With so many different options available for booking a cab in London now, what are the best options and when should you use them?

The answer very much depends on what day it is, where you’re going, what time is it, how quickly you want to get there and how much do you want to spend. Being someone who is constantly travelling around the country, I’ve tried my fair share of services, and as the owner of Taxicode you might think I’d use my own company every time I need a taxi service, but in fact I don’t. It really depends on what I’m doing and where I want to go.

I live in Vauxhall, so it’s fairly hard to hail a black cab on my road - they pass through Vauxhall but not in massive numbers, meaning you often have to wait a while. Instead, when I’m going into the city, I use UberX. It is a cheap option, but the driver often has no clue where they are going - I normally have to assist them and I can expect to get beeped at when we miss our turn and stop in the middle of the road. Uber is convenient, cheap and cash-free, and great for a short to medium distance journeys.

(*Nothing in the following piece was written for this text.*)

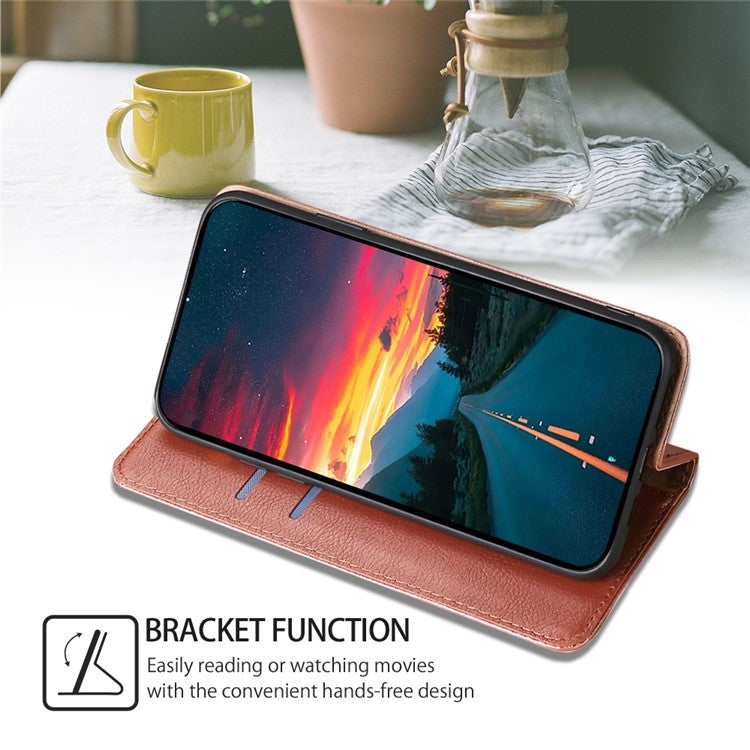 For Samsung Galaxy S25+ 5G Gloss Oil Solid Color Magnetic Leather Phone Case(Rose Gold)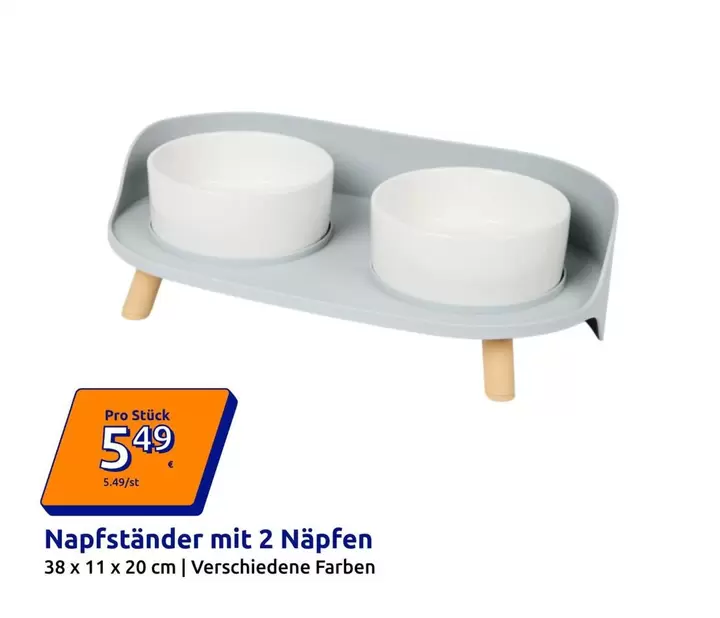 Napfstaender mit 2 Napfen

Recently, a customer was charged a £102 fare in London for what should have been a 20-minute, four-mile journey, after the driver ended up driving for 20-miles. Fortunately though for the customer in this instance, Uber does record the routes taken for all journeys, and the customer was able to get his money back. This is a benefit of Uber being so heavily tech-based – they are able to record a large amount of data to provide wide visibility.

When heading home after a night out, I will use a black cab every time. They take no time to hail, and I can just give the driver a rough idea of where I’m going, thanks to ‘The Knowledge’, and save time by using bus lanes. However, their major downfall is that I need to make sure I have cash in case he has the words “CASH ONLY” taped to his window. Black Cabs are much quicker than an Uber though, and really not much more expensive for a short trip - cash difference maybe a few pounds but I get home much quicker and I don’t need to keep an eye on the driver.

If Uber has a surge of 1.6 or more, it's cheaper and faster to get a black cab. As well as this, in heavy traffic your Uber will be stuck, but a black cab can nip down the bus lane - not to be underestimated.

When I want to go a little bit further (five miles or more), or I’m headed to the airport, I use Taxicode. For such a journey the price is cheaper than a black cab or Uber, and the price is fixed. The minicab driver is generally much more experienced given he drives the route three or four times per day. There’s a wider range of payment options than with Uber and black cabs, and all the pickups and drop-offs can be pre-booked.

Would I use Hailo or Gett? No, not really. Not because they are a competitor to Taxicode, because they are not – we operate within a different space – but simply because when hailing a cab there and then it’s much quicker and easier to wave my hand in the air, or to use Uber.

When it comes down to it, it’s a choice between waving your hand in the air at the side of the road, hailing a driver directly using an app, and pre-booking your journey online. Each option has its pros and cons, and it can be up to the individual user to find what works for them, especially taking location into account, but from my experience it makes sense to use a mix of the three options, so you can save time and money wherever and whenever you’re travelling.